Source data —
[Start of section]

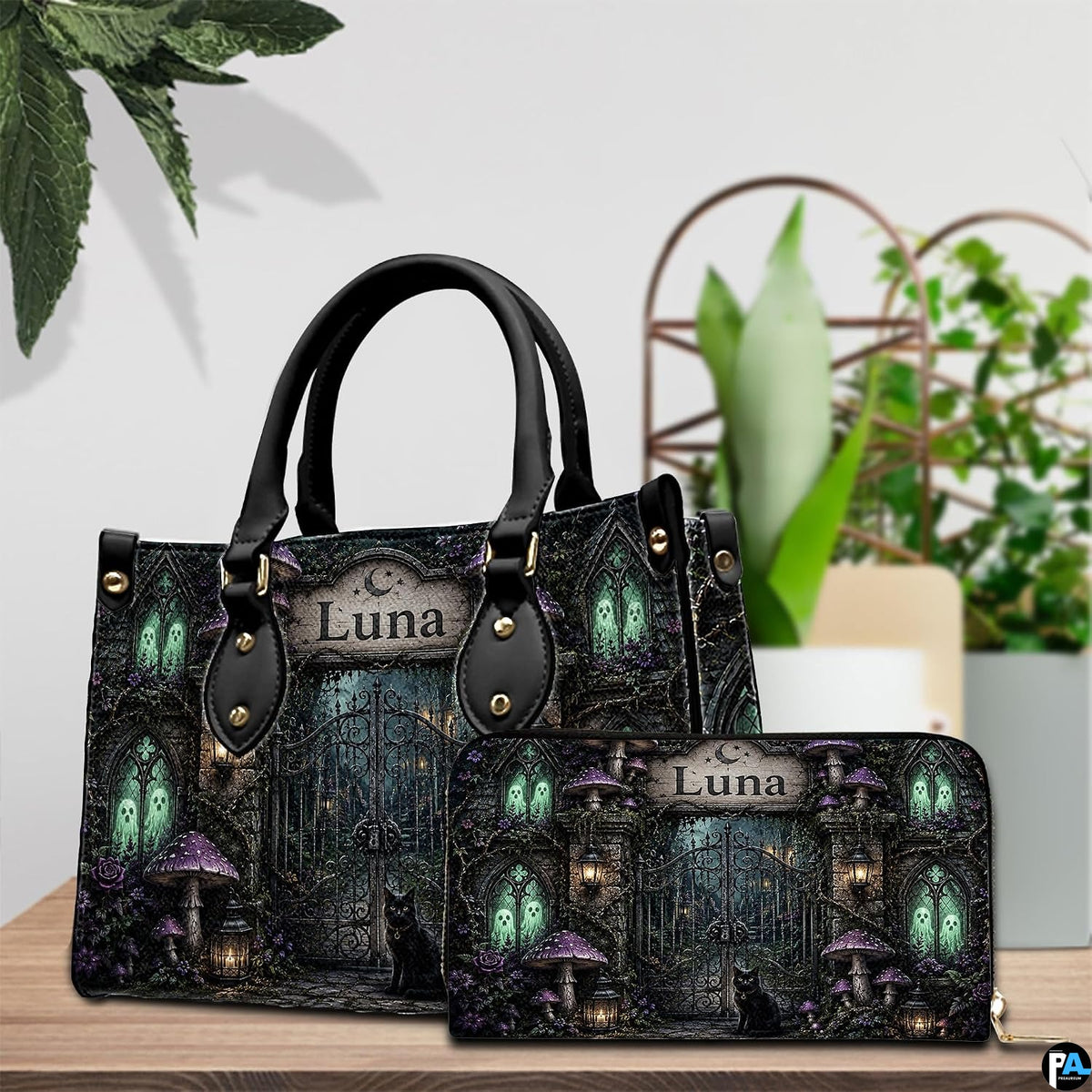 Tabletop scene showing gothic cemetery art accessory resting beside indoor potted foliage.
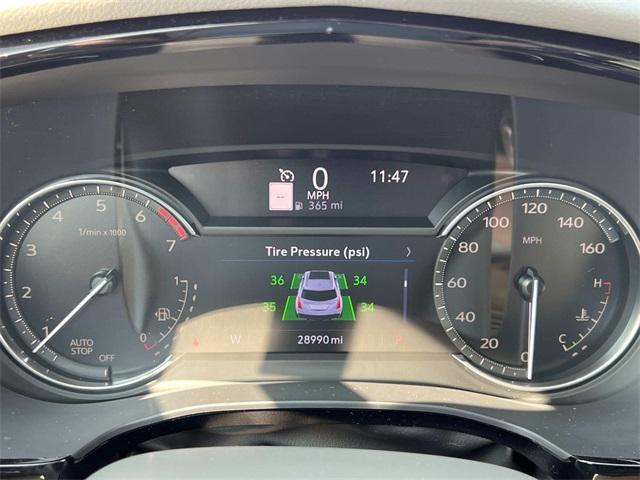 Photo of 2022 Stellar Black Metallic Cadillac XT5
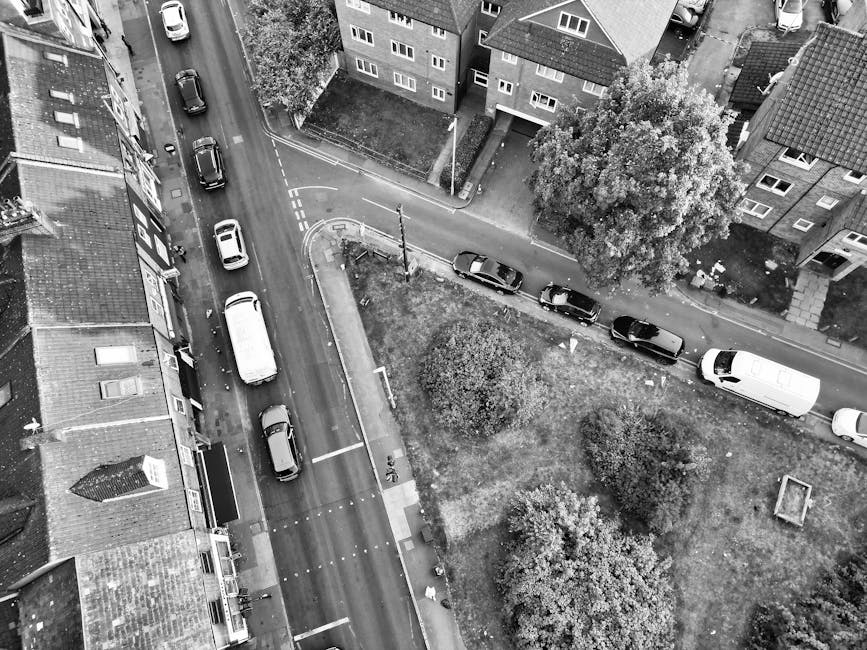 An aerial black-and-white photograph showing a residential street with parked cars along the curbside and a delivery van partially loaded with household furniture and moving boxes parked near the pavement. Inside the van, visible items include cardboard boxes, a rolled-up rug, and a piece of furniture wrapped in protective fabric, all arranged for safe transportation. Some of the boxes and items are being loaded into or unloaded from the van, with a few boxes placed on the pavement nearby. The street is lined with multi-storey residential buildings with pitched roofs, and mature trees and bushes border the sidewalk and small garden areas. The scene captures a home relocation process, emphasizing the loading and packing of household items for a house move, as performed by a professional removals service such as Man With a Van Beddington, situated in the area of Beddington. Natural daylight and shadows highlight the spatial arrangement of vehicles, furniture, and the surrounding environment.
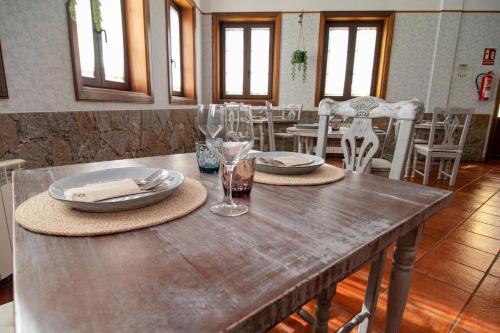 a wooden table with plates and glasses on top of it at Hotel El Tejar & Spa in Vilaflor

[End of section]

What is expected — Apart from the pictures, every line of the material above is to be returned word for word.

Output —
 Tabletop scene showing gothic cemetery art accessory resting beside indoor potted foliage.
 Photo of 2022 Stellar Black Metallic Cadillac XT5
 An aerial black-and-white photograph showing a residential street with parked cars along the curbside and a delivery van partially loaded with household furniture and moving boxes parked near the pavement. Inside the van, visible items include cardboard boxes, a rolled-up rug, and a piece of furniture wrapped in protective fabric, all arranged for safe transportation. Some of the boxes and items are being loaded into or unloaded from the van, with a few boxes placed on the pavement nearby. The street is lined with multi-storey residential buildings with pitched roofs, and mature trees and bushes border the sidewalk and small garden areas. The scene captures a home relocation process, emphasizing the loading and packing of household items for a house move, as performed by a professional removals service such as Man With a Van Beddington, situated in the area of Beddington. Natural daylight and shadows highlight the spatial arrangement of vehicles, furniture, and the surrounding environment.
 a wooden table with plates and glasses on top of it at Hotel El Tejar & Spa in Vilaflor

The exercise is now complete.